PETITIONER: Epuru Sudhakar & Anr.                                            

RESPONDENT: Govt. of A.P. & Ors.                                             

DATE OF JUDGMENT: 11/10/2006

BENCH: S. H. KAPADIA

JUDGMENT: J U D G M E N T

KAPADIA, J.

       Although, I respectfully agree with the conclusion containing the  opinion of brother, Arijit Pasayat, the importance and intricacies of the  subject matter, namely, judicial review of the manner of exercise of  prerogative power has impelled me to elucidate and clarify certain crucial  aspects. Hence this separate opinion.

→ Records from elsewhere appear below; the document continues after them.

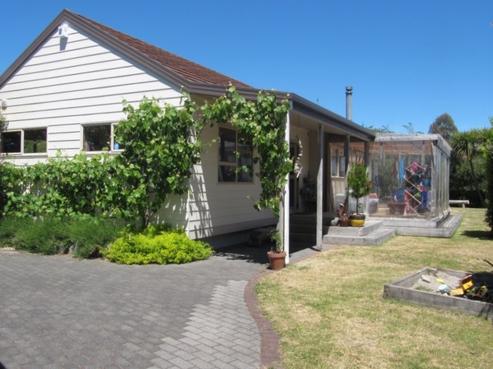 81 Hill View Drive, Acacia Bay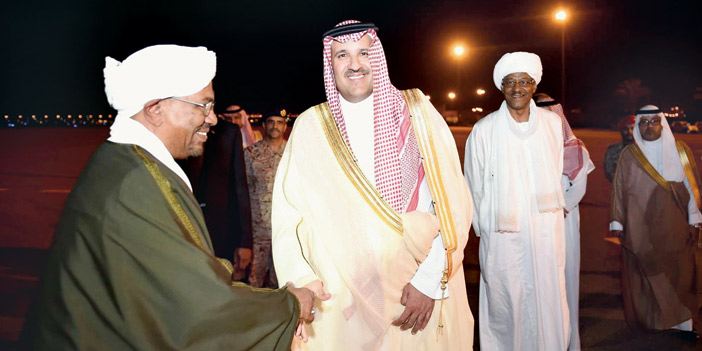   الرئيس السوداني يغادر المدينة المنورة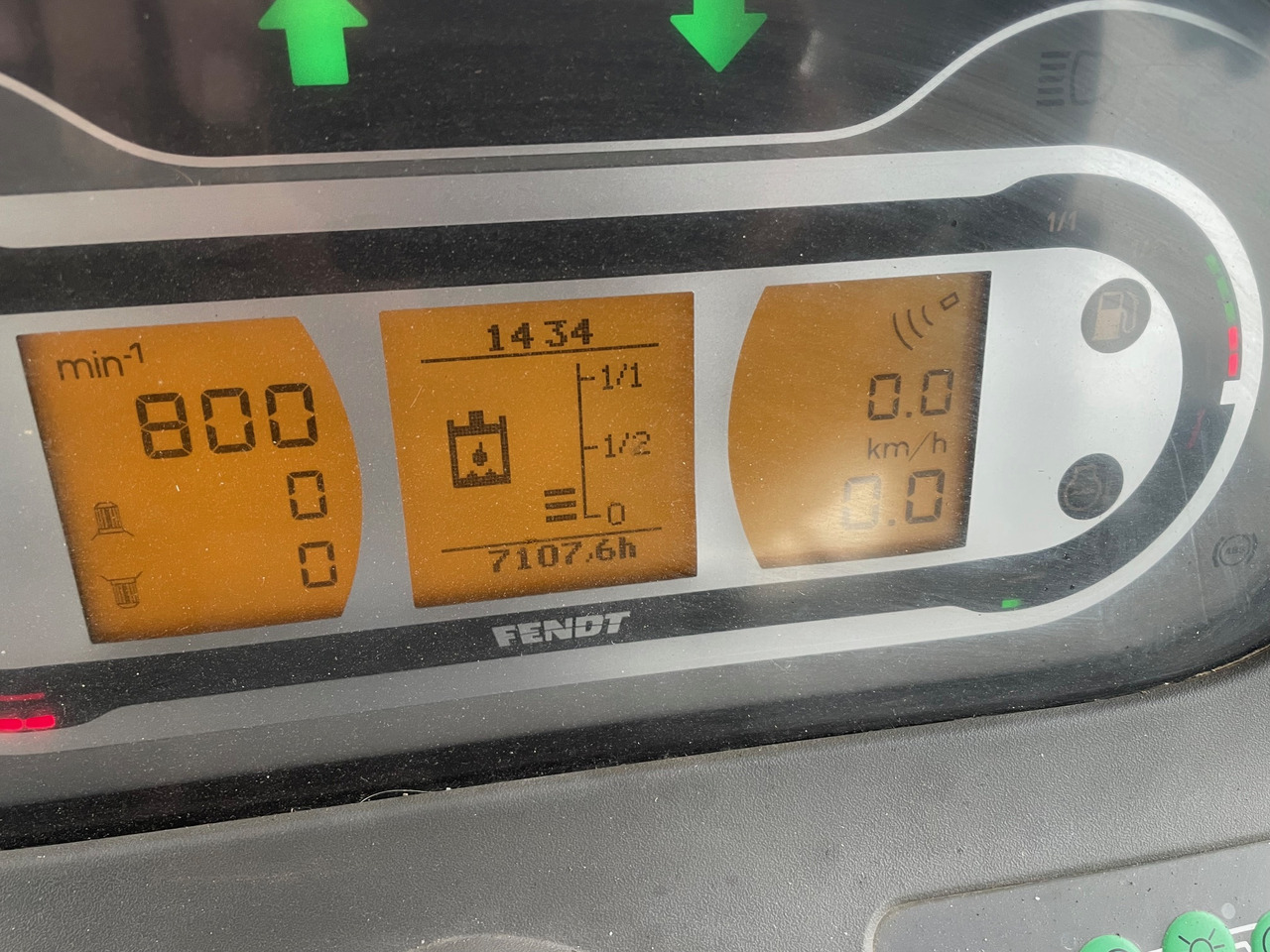 Fendt 718 Vario S4 ProfiPlus - Tracteur agricole: photos 2 Fendt 718 Vario S4 ProfiPlus - Tracteur agricole: photos 2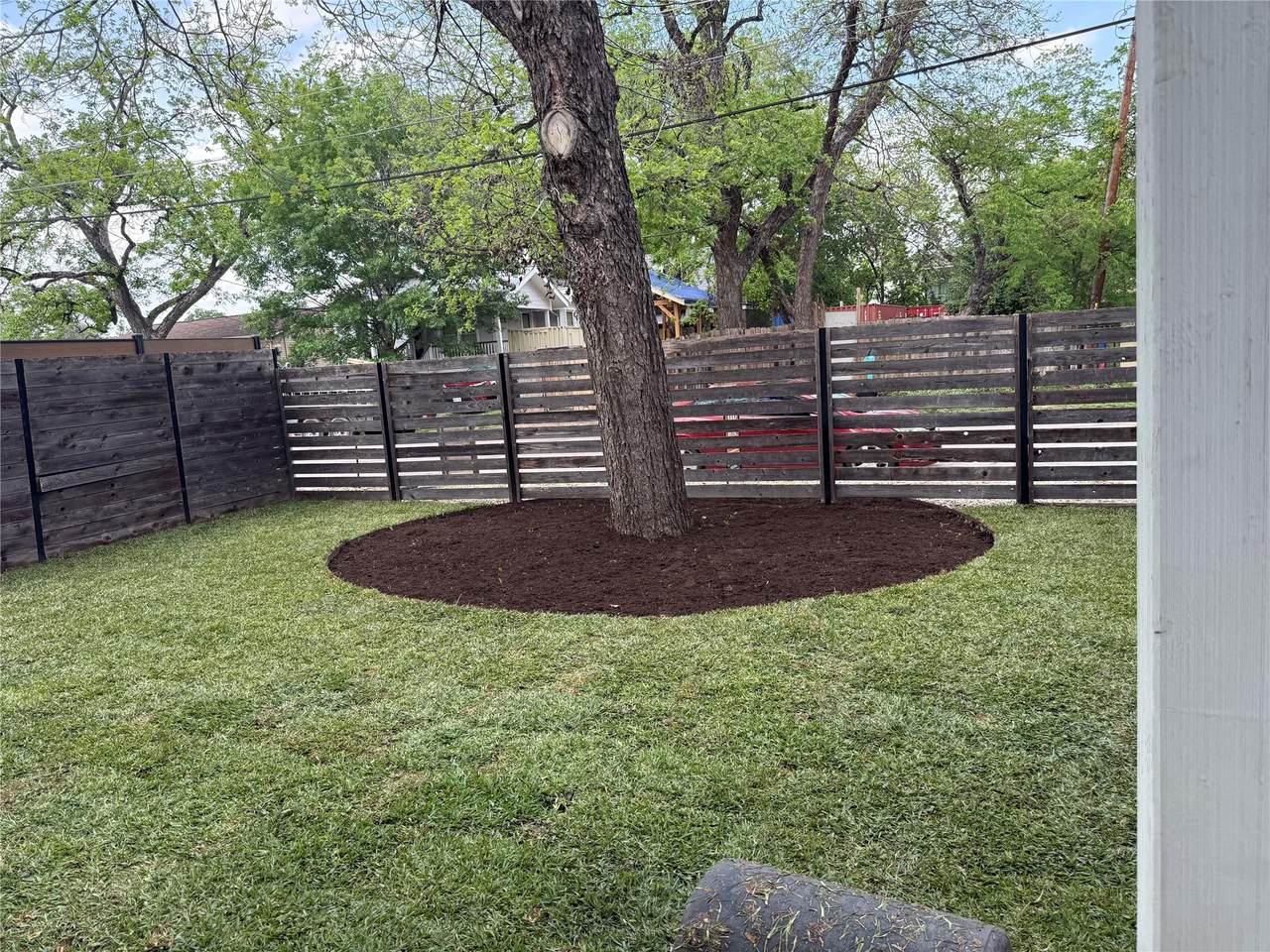 https://bt-photos.global.ssl.fastly.net/austin/1280_boomver_2_4059896-2.jpg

       Pardons, reprieves and remissions are manifestation of the exercise of  prerogative power. These are not acts of grace. They are a part of  Constitutional scheme. When a pardon is granted, it is the determination of  the ultimate authority that public welfare will be better served by inflicting  less than what the judgment has fixed.

       The power to grant pardons and reprieves was traditionally a Royal  prerogative and was regarded as an absolute power. At the same time, even  in the earlier days, there was a general rule that if the King is deceived, the  pardon is void, therefore, any separation of truth or suggestion of falsehood  vitiated the pardon. Over the years, the manifestation of this power got  diluted.

       The power to grant pardons and reprieves in India is vested in the  President and the Governor of a State by virtue of Articles 72 and 161 of the  Constitution respectively.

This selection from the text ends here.